● **WHAT IS BEING ASKED**
Could you set down every entry exactly as it stands, without the images?

● **INFORMATION SHOWN**
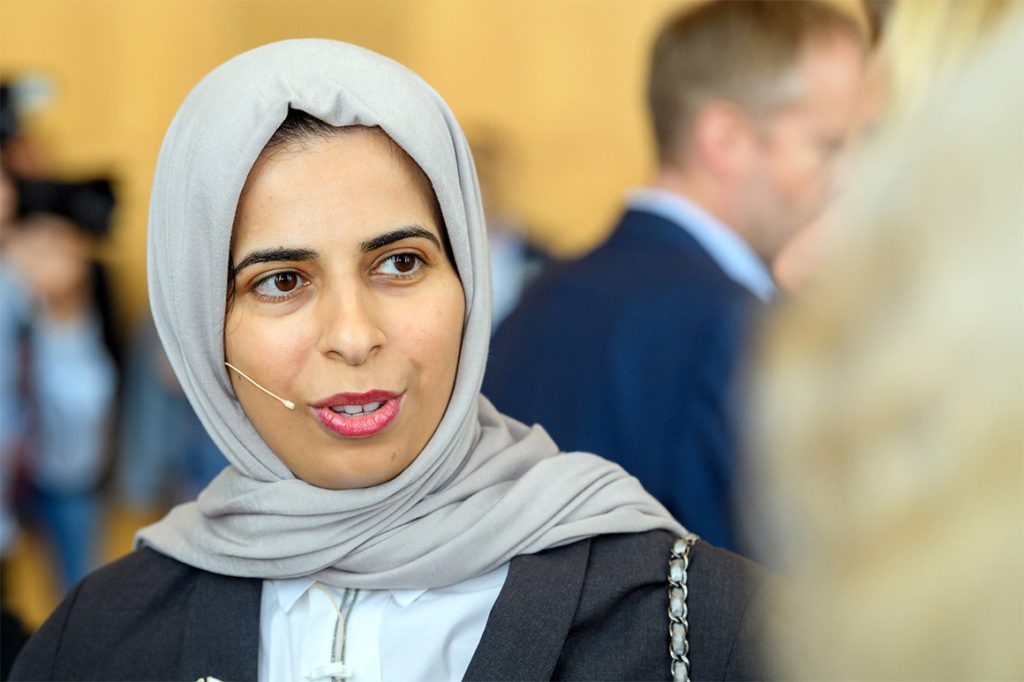 Γυναίκα υπουργός του Κατάρ προς ΗΠΑ και Ισραήλ: «Σταματήστε τον πόλεμο – Σταματήστε να μιλάτε εκ μέρους μας»!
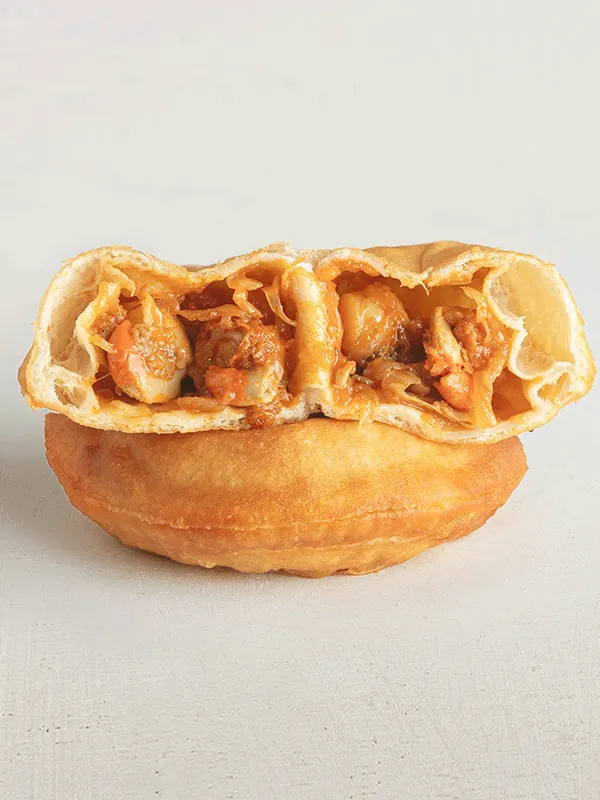 Empanadilla de volandeira, zamburiñas
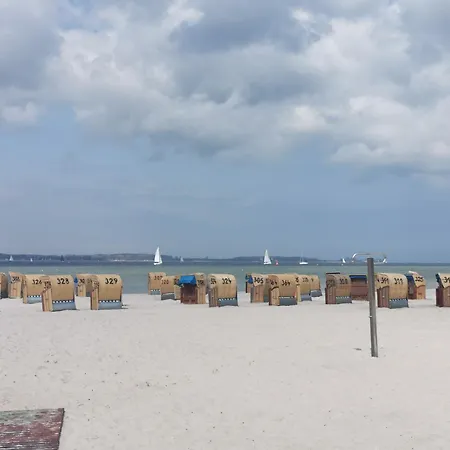 Apartment Kapitaenshaus W11 Laboe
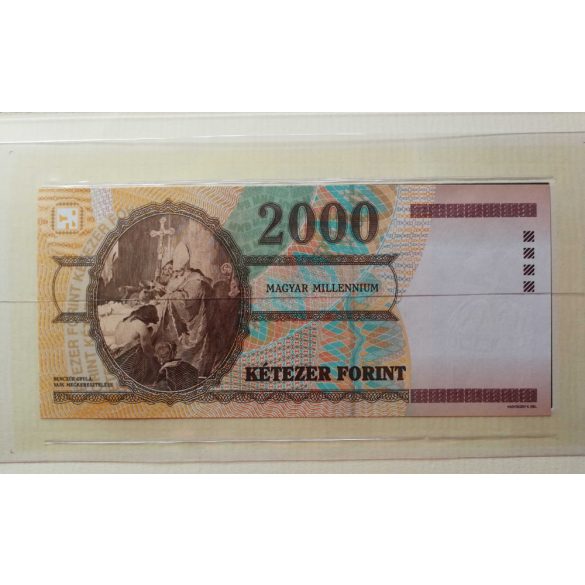 Hungary 2000 Forint 2000 UNC - in souvenir packaging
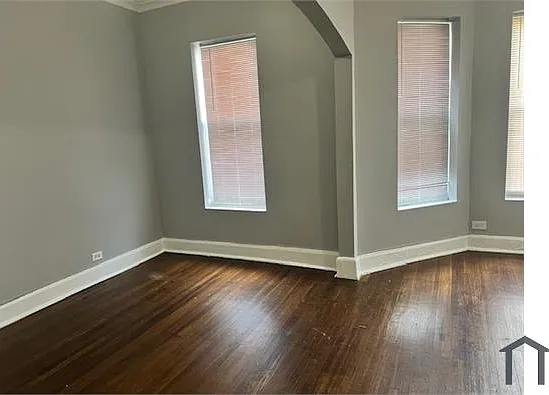 3 bed, 1300 sqft, $1,600 — Photo 2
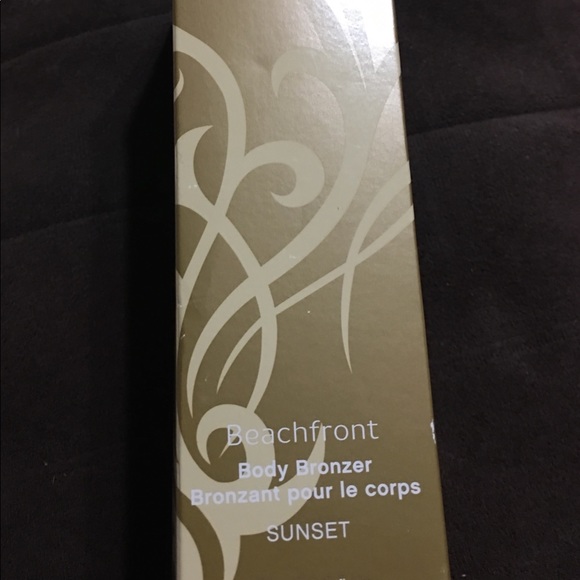 Younique Other Younique Beachfront Body Bronzer Sunset Poshmark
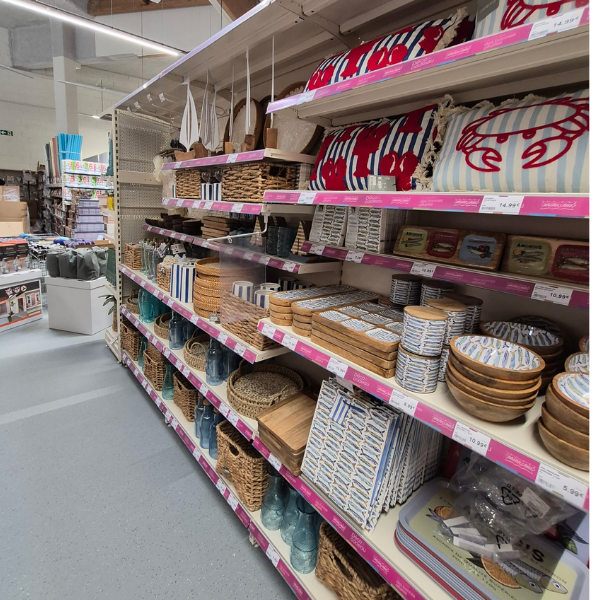 Franchise Bazarland Sollies pont univers déco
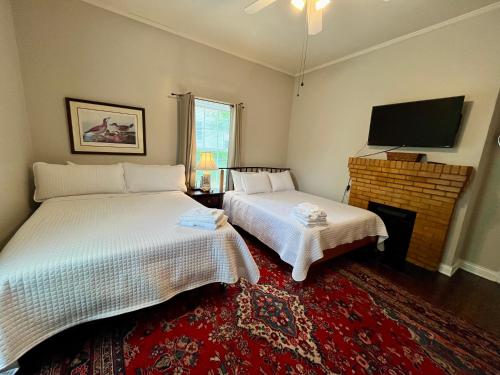 Downtown Retreat, Minutes from Main Street with Fenced in Backyard in Greenville, USA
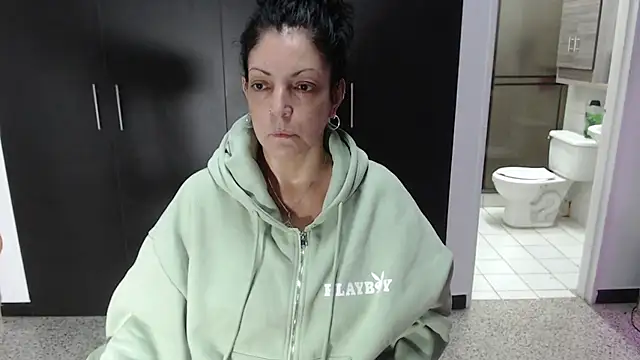 Snapshot of mijal_queen chatting on 11-13-25, 03:16 mijal queen online show from 11-13-25, 03:16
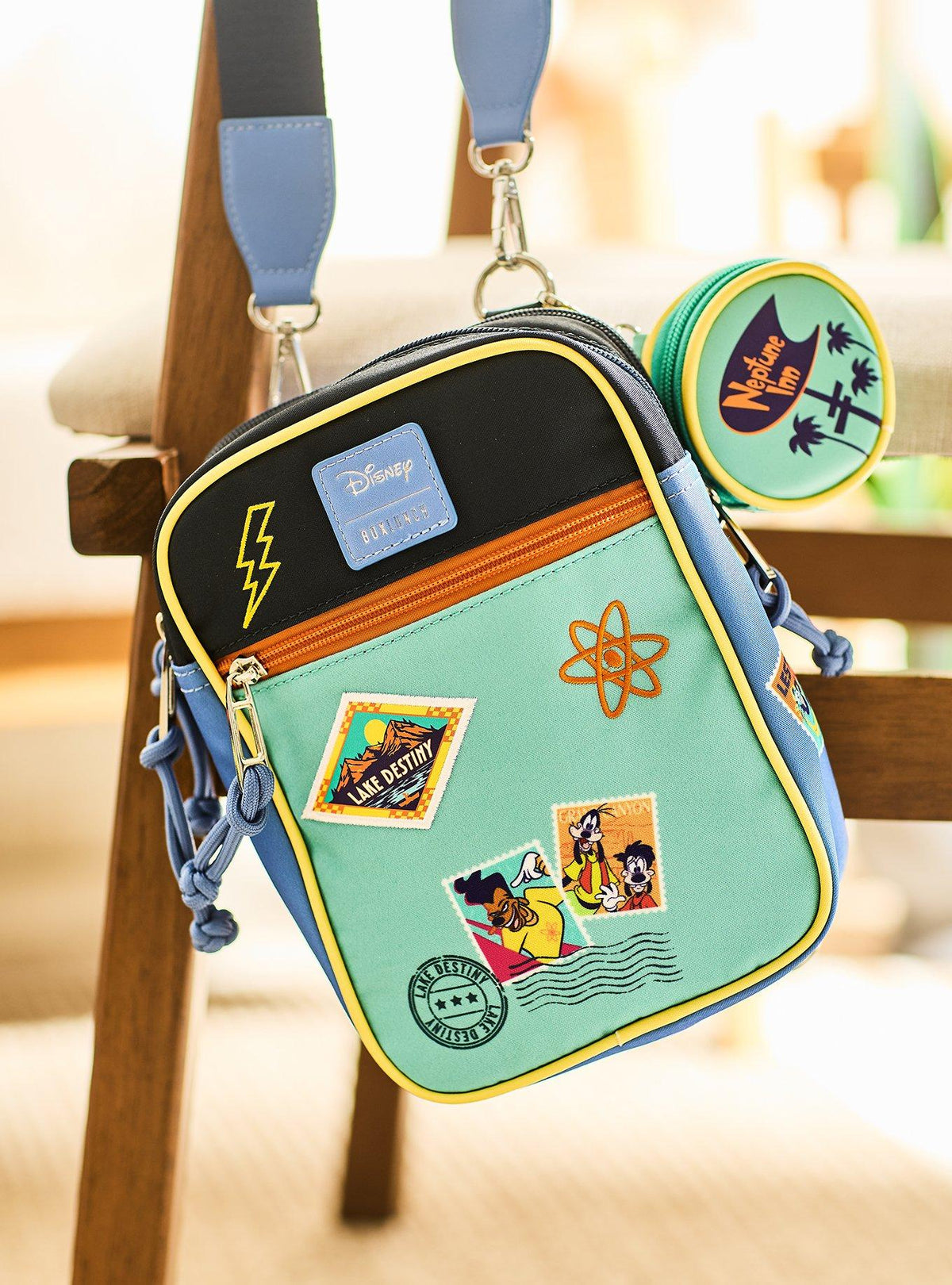 Cartera cruzada A Goofy Movie con estampillas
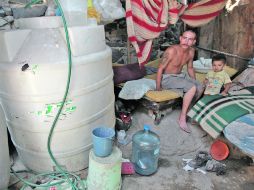 Una familia, vecina de la colonia Mesa Colorada, debe llenar tinacos con agua para poder asearse. S. NÚÑEZ  /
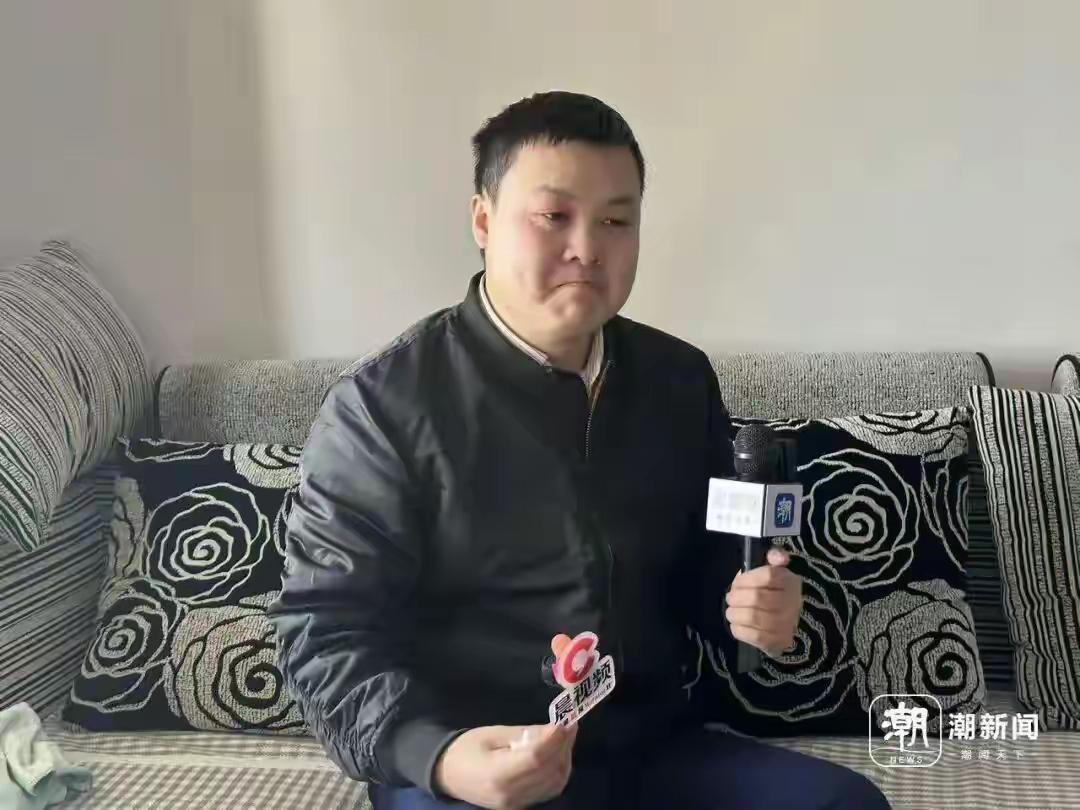 女子被前夫连刺28刀，11岁儿子亲眼目睹，哭诉令人心疼：我不开门，妈妈是不是就不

● **WRITTEN ANSWER**
 Γυναίκα υπουργός του Κατάρ προς ΗΠΑ και Ισραήλ: «Σταματήστε τον πόλεμο – Σταματήστε να μιλάτε εκ μέρους μας»!
 Empanadilla de volandeira, zamburiñas
 Apartment Kapitaenshaus W11 Laboe
 Hungary 2000 Forint 2000 UNC - in souvenir packaging
 3 bed, 1300 sqft, $1,600 — Photo 2
 Younique Other Younique Beachfront Body Bronzer Sunset Poshmark
 Franchise Bazarland Sollies pont univers déco
 Downtown Retreat, Minutes from Main Street with Fenced in Backyard in Greenville, USA
 Snapshot of mijal_queen chatting on 11-13-25, 03:16 mijal queen online show from 11-13-25, 03:16
 Cartera cruzada A Goofy Movie con estampillas
 Una familia, vecina de la colonia Mesa Colorada, debe llenar tinacos con agua para poder asearse. S. NÚÑEZ  /
 女子被前夫连刺28刀，11岁儿子亲眼目睹，哭诉令人心疼：我不开门，妈妈是不是就不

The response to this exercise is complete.